A week after Rachael's abduction, her parents flew to New York to attend a press conference intended to maintain the extensive publicity surrounding their daughter's disappearance. At this press conference, Jeff Runyan said: "I feel [the abductor] is without conscience, and my plea is for someone who knows him to come forward and sell him out." Acknowledging the possibility Rachael might have been sold following her abduction, Elaine Runyan urged all parents planning on adopting a little girl in the near future to ensure the child was not Rachael.

On September 3, Rachael's parents appeared on the Today show to continue to publicize her disappearance. They offered a $20,000 reward raised largely through donations from concerned citizens in their community. The city of Sunset also pledged an additional $20,000 for the child's safe return.

==Discovery==
At 5:00 p.m. on September 19, a family traveling on a mountain road in Mountain Green, Utah (approximately 50 mi from Sunset) stopped their vehicle at a turnout close to Trapper's Loop Road to let their children play at a nearby stream and throw rocks into the water. Close to a pile of brush, the children observed what they initially believed was a doll, partly covered in shrubbery floating at the edge of the stream. On closer inspection, the children realized the doll was actually the nude body of a female toddler with her hands bound behind her back.

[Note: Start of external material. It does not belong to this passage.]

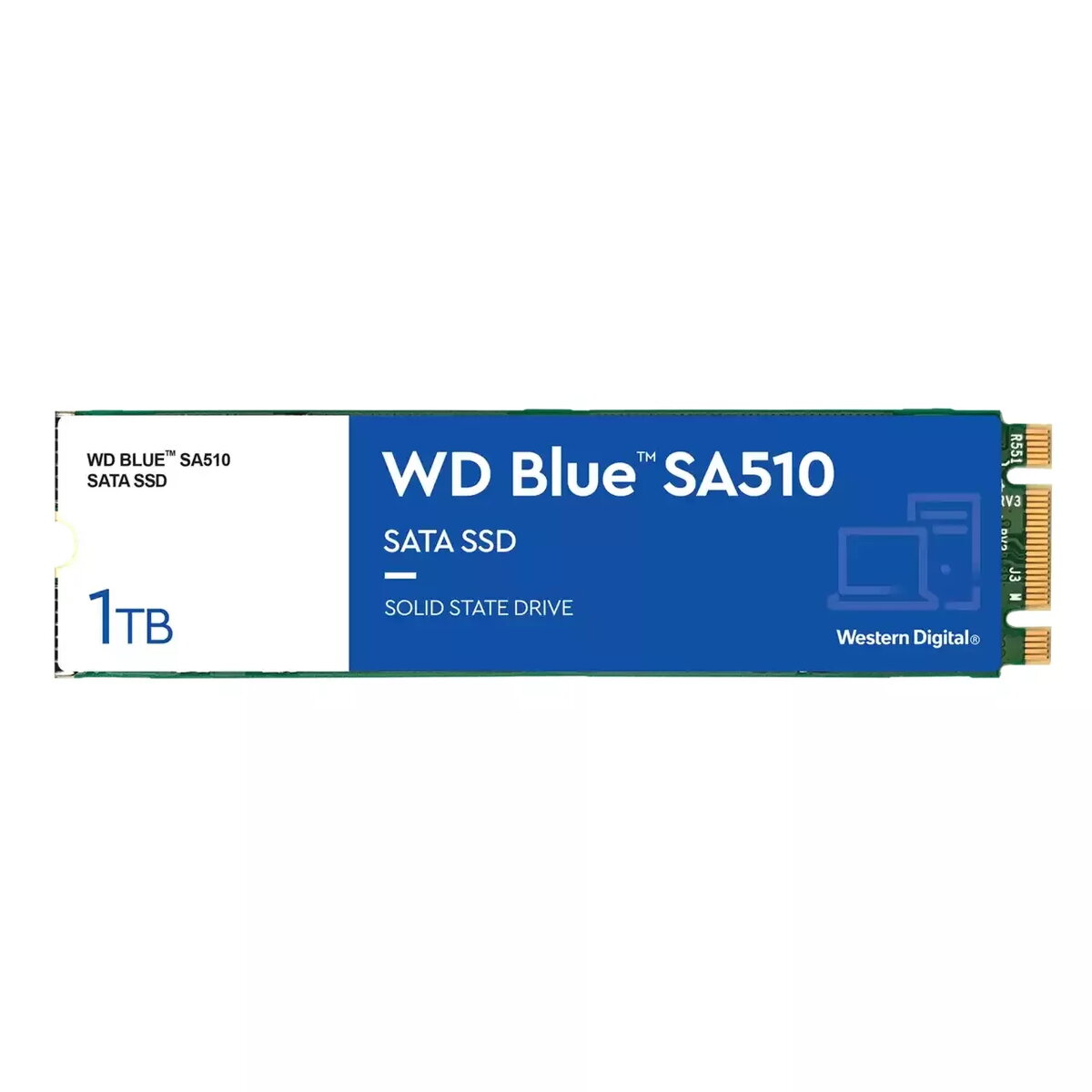 SSD Western Digital Blue SA510 1TB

Rachael's relatives were able to offer tentative identification of her body from a chipped tooth and piercings in her ears. Due to the advanced state of the body's decomposition, the precise cause of Rachael's death was never established. The coroner was unable to exclude smothering as the cause of death.

===Funeral===
Shortly after the formal identification of their daughter, Jeff and Elaine Runyan held Rachael's funeral service at the Sunset Stake Center. Over 300 mourners were in attendance. Rachael was laid to rest in Washington Heights Memorial Park in the city of Ogden, Utah. She was buried in a white casket adorned with her photograph, a single pink rosebud, and one of her favorite Raggedy Ann dolls. Rachael's gravestone is inscribed with the words: "She brought a nation to its knees."

==Federal impact==
The abduction and murder of Rachael Runyan proved to be a major factor in the October 1982 passage of a federal law allowing the parents of missing children access to a clearinghouse administered by the Federal Bureau of Investigation (FBI), which would obtain and file records of the fingerprints and blood types of more than 300,000 Utah children.

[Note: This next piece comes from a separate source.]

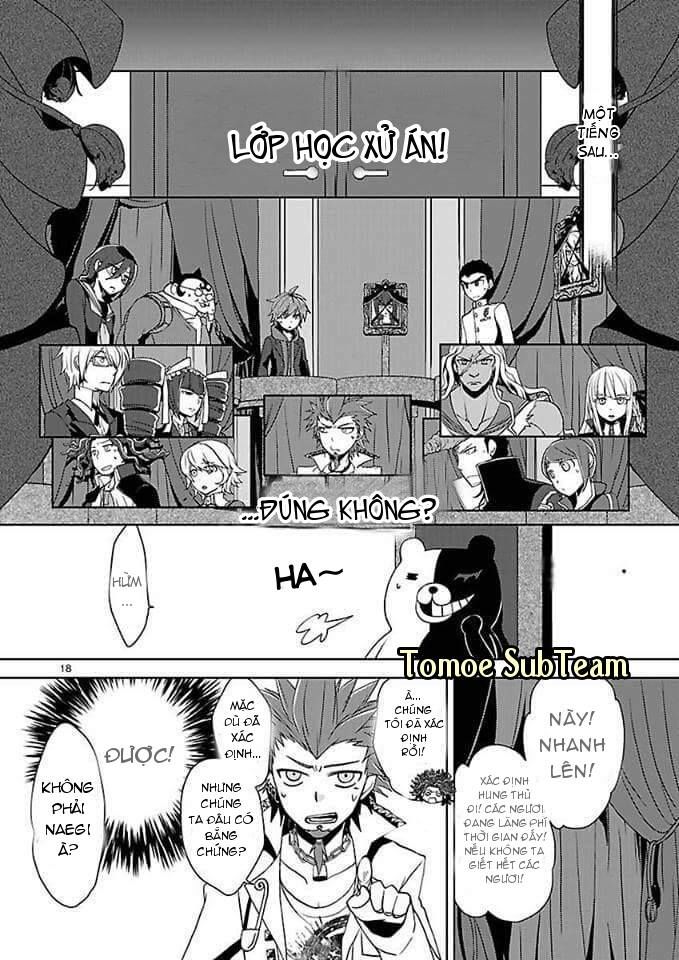 danganronpa – kibou no gakuen to zetsubou no koukousei chapter 2 18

As a result of this abduction and murder, the state of Utah also formally implemented the "Rachael Alert" child abduction alert system in April 2002. It was designed to alert residents statewide of active child abduction and missing children cases. Once law enforcement personnel verified the authenticity of a child abduction case, a "Rachael Alert" form was faxed to all television and radio networks for immediate and high-priority statewide broadcast. The criteria to be met in these cases included: the missing child was a minor or mentally handicapped; that they were in imminent danger; that the disappearance was not a runaway situation; and that law enforcement had a complete and accurate physical description of the missing child. (Note: Prior to the 2002 implementation of the "Rachael Alert" child abduction alert system, Jeff and Elaine Runyan had campaigned relentlessly for the implementation of an effective method to alert the public and law enforcement alike of child abductions. The "Rachael Alert" child abduction alert system was formally inaugurated on April 2, 2002.)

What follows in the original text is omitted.